Putting the blame on Ogasawara was extremely harsh. The Kashima star was making his first start for Japan and had shown a couple of neat offensive touches. But Troussier was not happy with his positioning.
“He didn’t do what I told him to do,” the Frenchman said after the match. “And the team didn’t have its shape. Ogasawara played too deep. That may be his natural way, but it was not good for us. The team was not working well. It’s not a question of his quality. It was my fault for picking him.”
The excuse for taking off Yanagisawa was just as strange.
“He was tired. Maybe he didn’t want to play today,” Troussier explained.
In truth, the whole team looked under par and the Japanese players hardly created anything in the half. Troussier could have taken almost anyone off, with the one exception of defensive midfielder Kazuyuki Toda.
Costa Rica had the best two chances with Rolando Fonseca volleying over after five minutes and Wilmer Lopez putting a magnificent chance inches high on the stroke of halftime.
In truth, Troussier’s two substitutions did improve the team. Morishima set up Yanagisawa with a chance within seconds of coming on, while Nishizawa improved as the game wore on.
“These two substitutions had the desired effect immediately,” Troussier said. “And that helped to bring the team back and establish its composure.”
The second half was a different matter entirely. Jubilo Iwata’s Takashi Fukunishi replaced the erratic Daisuke Ichikawa at the half and the Japan team looked, well, more like a team.
Morishima gave the attack that extra buzz while Alex, when he took the attacking option, provided some wicked crosses from the left. Up front, Takayuki Suzuki worked tirelessly and came up with Japan’s best chances in the half.

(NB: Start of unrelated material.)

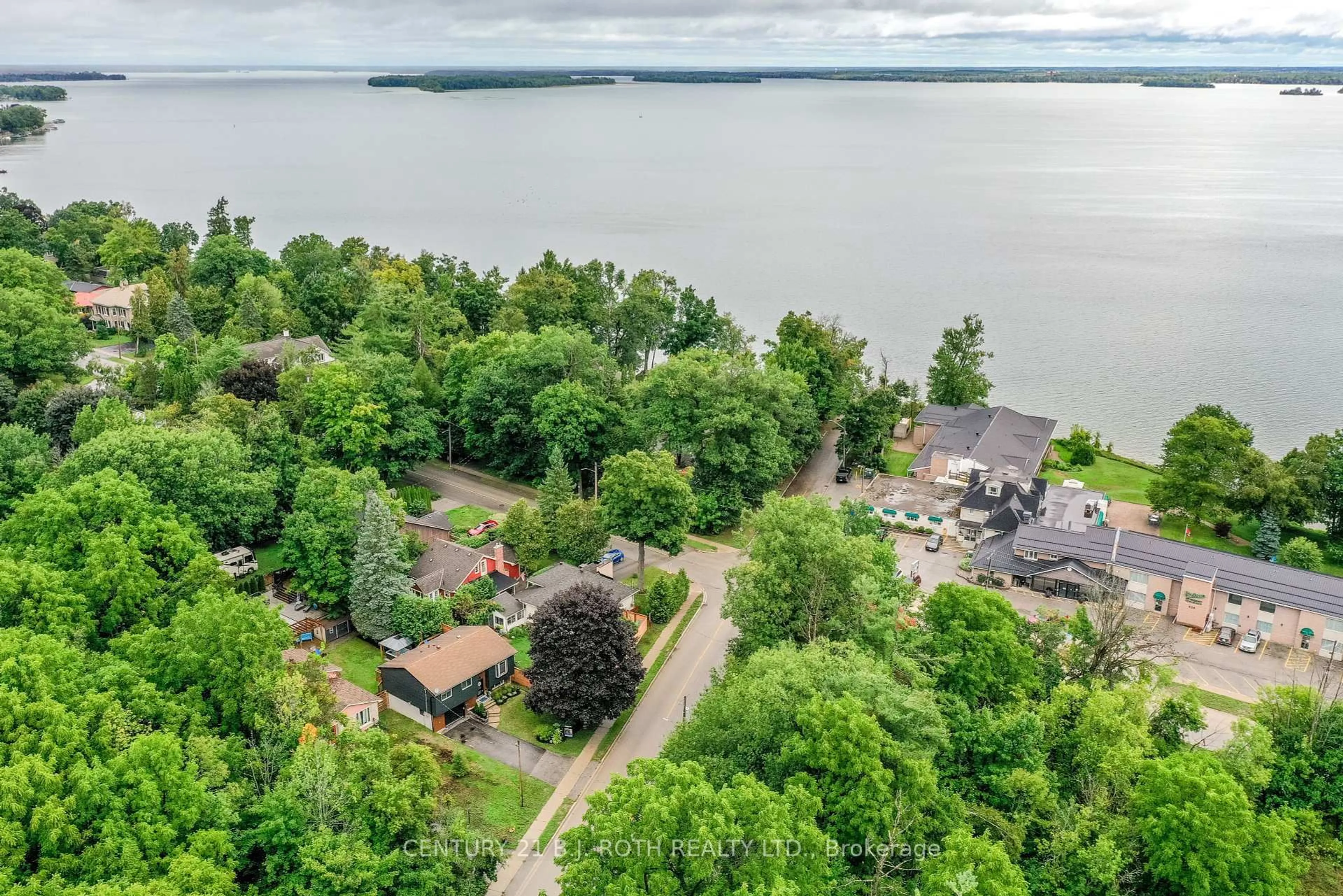A pic from outside/outdoor area/front of a property/back of a property/a pic from drone, water/lake/river/ocean view for 212 Borland St, Orillia Ontario L3V 2C3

It was, however, Costa Rica that should have gone ahead first.
Eight minutes into the second half, some weak defending from the midfield allowed right back Harold Wallace to cut into the box. Koji Nakata once again showed his lack of confidence at defending, crudely sticking out his right leg for Wallace to fall over. Penalty.

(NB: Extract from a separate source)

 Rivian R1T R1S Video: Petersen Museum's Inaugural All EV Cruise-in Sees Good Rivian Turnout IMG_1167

Luckily, Ronald Gomez didn’t have his shooting boots on and and put the ball straight down the middle, allowing goalkeeper Seigo Narazaki to clear with his legs.

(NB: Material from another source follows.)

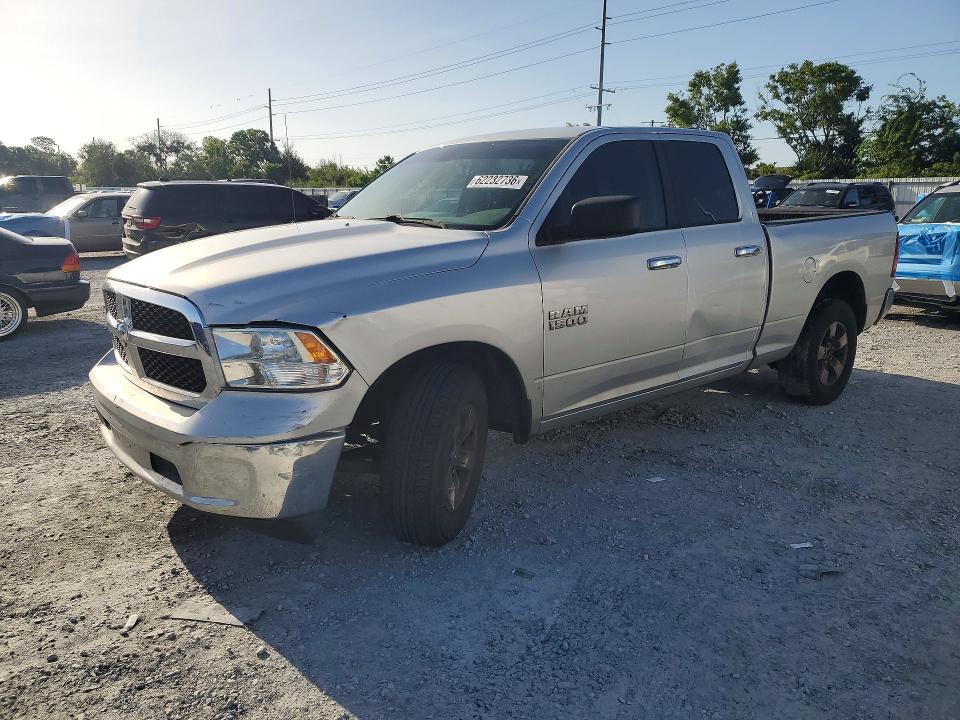 2018 RAM 1500 SLT - 1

This gave Japan the boost it needed and, after that, it was largely in control. Suzuki, unlike his Kashima colleague Ogasawara given the chance to improve as the game wore on, started to rattle and pressure the Costa Rican defense.
Japan’s pressure finally paid off with 20 minutes left. Japan strung a series of good passes together, but Suzuki pushed the ball too far wide to Tomokazu Myojin on the right. The Kashiwa Reysol midfielder did well to wrap his foot around the ball and must have been amazed, as nearly 65,000 spectators were, to see the ball fly over the Costa Rican ‘keeper into the back of the net.
“Well, I didn’t really mean that,” the Kashiwa man said. “But I was certainly very happy to see the result.”
What a shame then that seven minutes later Myojin gave the ball away, allowing Gilberto Martinez to play the ball up to substitute forward Winston Parks of Udinese. Parks powered forward and virtually walked past the typically ineffectual Tsuneyasu Miyamoto before firing the ball home to level the scores.
Japan still looked the more likely to score and Nishizawa came closest with 10 minutes left when he rose to meet an Alex cross and saw his glancing header hit the post.
“I wanted to try some things out today and I think I learned several things about various individuals as well as the team as a unit,” Troussier commented.
“I still have to think about who to play and in what position,” the French manager confirmed. “Today we started poorly because we had some new players. The game didn’t go as I wanted it to, but the opposition were pretty strong and their players had good skills.”
Costa Rica’s manager Alexander Guimaraes was happy with the result.
“It was a good game, especially for the fans,” he said. “We started well but Japan got into the game well and made it tough for us. A draw was the right result.”